Reviewing "Lunarville 7", "Crater 101" and "Dangerous Rendezvous" for Andersonic, Vincent Law wrote positively of various aspects of "Crater 101". He noted that the episode's "discordant" incidental music implies "something ominous" about Frazer and praised the scene of Scarlet "[making] a grab for the crystal" for demonstrating the puppet's mobility. Law also praised the role of Lieutenant Green in both "Lunarville 7" and "Crater 101", writing that the character is given an opportunity to "get his feet stuck in on the action", and applauding the scene in which Green destroys the master sentry vehicle.
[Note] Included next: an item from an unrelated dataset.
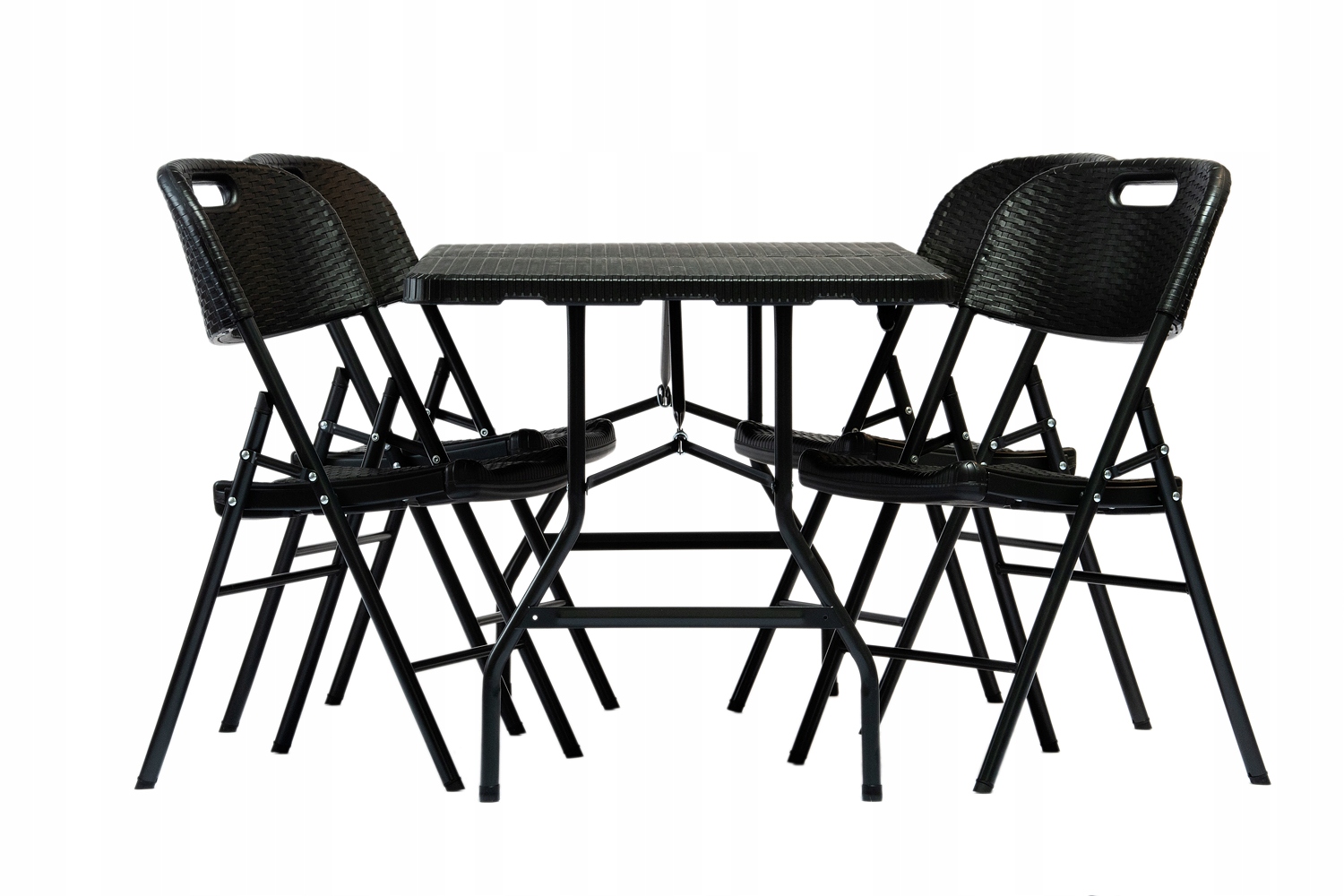 Set Zahradní Rozkládací Cateringový Stůl 180x76 x1 Skládací Židle X4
Andrew Thomas of Dreamwatch magazine regarded the sentry vehicles as an example of the series' occasionally "shoddy" miniature model work, commenting that they "look disturbingly like something out of Michael Bentine's Potty Time."

Writer Fred McNamara praised the episode, suggesting that it lacks the "wistful impact" of its precursor but commending Turner's "superb" direction, arguing that the scenes inside the Mysteron base feature "some of the most spellbinding visuals ever seen in Captain Scarlet and the Mysterons." McNamara also complimented the use of point-of-view shots and Green's expanded role. His review was not without criticisms, calling the resolution involving the CB29 space probe "rather trite" and the supporting characters poorly written (especially Frazer, who after delivering the sabotaged bomb is never seen again). Nevertheless, McNamara viewed "Crater 101" as the "high point" of the three-episode story arc beginning with "Lunarville 7".

The British Board of Film Classification certified the episode U, noting that it contains "infrequent, very mild" violence.